J'ai meme eu l'honneur de monter dans un 4x4 flambant neuf qui s'est casse au bout de 500m, d'attendre avec les proprietaires dudit 4x4 de longues heures avant de se faire tous embarquer par le jeep de la police locale..utilisee seulement pour porter assistance aux personnes, avec un policier tout sourire, musique a fond,  a grand coups de sirene pour les virages.
J'atteinds enfin Dongyi.

Je savais que la, mon chemin aller etre plus difficile, plusieurs options de routes s'offraient a moi et tout le monde voulait saisir l'opportunite d'etre mon guide.
Des mon arrivee, je commencais a glaner quelques infos, essayais de les verifier, et pris la decision de continuer seul en coupant a travers le massif.
Le matin suivant, leve aux aurores, et hop c'est parti. Je marche a peine 2 h pour me rendre bien compte que je ne sais absolument ou je vais ni quelle direction prendre, il y a des croisements partout, chemins, sentiers et chaque demi tour use le physique et le moral..et pour etre sincere je commencais a me demander quelle mouche m'avait piquer de faire ce truc..je ne revais plus que d'une douche bien chaude de 3h , d'un enorme bol de dumpling et du gateau au chocolat servi dans un salon de the de Zhongdian.
Demi tour vers Dongyi, a la recherche d'un guide.

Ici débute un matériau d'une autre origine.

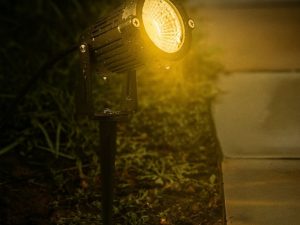Luz de estaca solar azul, AC85-265V, 5W, conducción constante impermeable, Luz de estaca AC85-265V,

Surprise, plus personne n'est motivee ou les prix sont absolument absurdes. Je vais voir les vieux, toujours de bon conseil et ils connaissent tout le monde.
La, assis  sur la chaise devant l'ordinateur ca parait simple..mais la-bas personne ne parle l'anglais, tres tres peu le chinois  mais le tibetain et encore moins de gens savent lire. Le tout est de me montrer et de faire diffuser l'information. J'attends, je prends des photos, je vois les villageois faire semblant de s'occuper et m'observer du coin de l'oeil, palabrer entre eux, seance de tricotage au milieu du chemin boueux, jeux entre enfants avec des morceaux de velos ou des cartons. C'est bon, ca marche.
 On m'accompagne dans mon attente. C'est malheureusement leur activite principale, rien a faire dans ces montagnes, dans ce village, alors on profite d'un etranger pour faire ce rien ensemble. Un p'tit vieux, tout petit, tout vieux, avec sa gueule burinee de montagnard, sa bouche edentee et son regard rude arrive vers moi. Je mets un temps fou a lui faire comprendre ma route avec l'aide de tous les villageois et on se met d'accord sur le prix, franchement honnete. Il me fait comprendre d'attendre ici, il revient. Cool, je me rapproche de ma douche chaude!! je vois une issue pour sortir de ce village tristounet..car j'ai cette chance de n'etre que de passage.
Vers le debut d'apres-midi, un type de mon age s'approche vers moi et me fait signe de le suivre. Je retrouve mon pepe un peu plus loin. En fait, ce type, un berger, Le berger, est son fils, il retourne dans ses alpages  avec un cheval et deux et c'est sur ma route. Je reexplique clairement notre "contrat" pour etre sur. Cool, on ne perd plus de temps, je mets mon sac sur un ane, il me propose de monter le cheval, je refuse, tant que je peux marcher je marcherais et c'est parti. Le pere reste a Dongyi.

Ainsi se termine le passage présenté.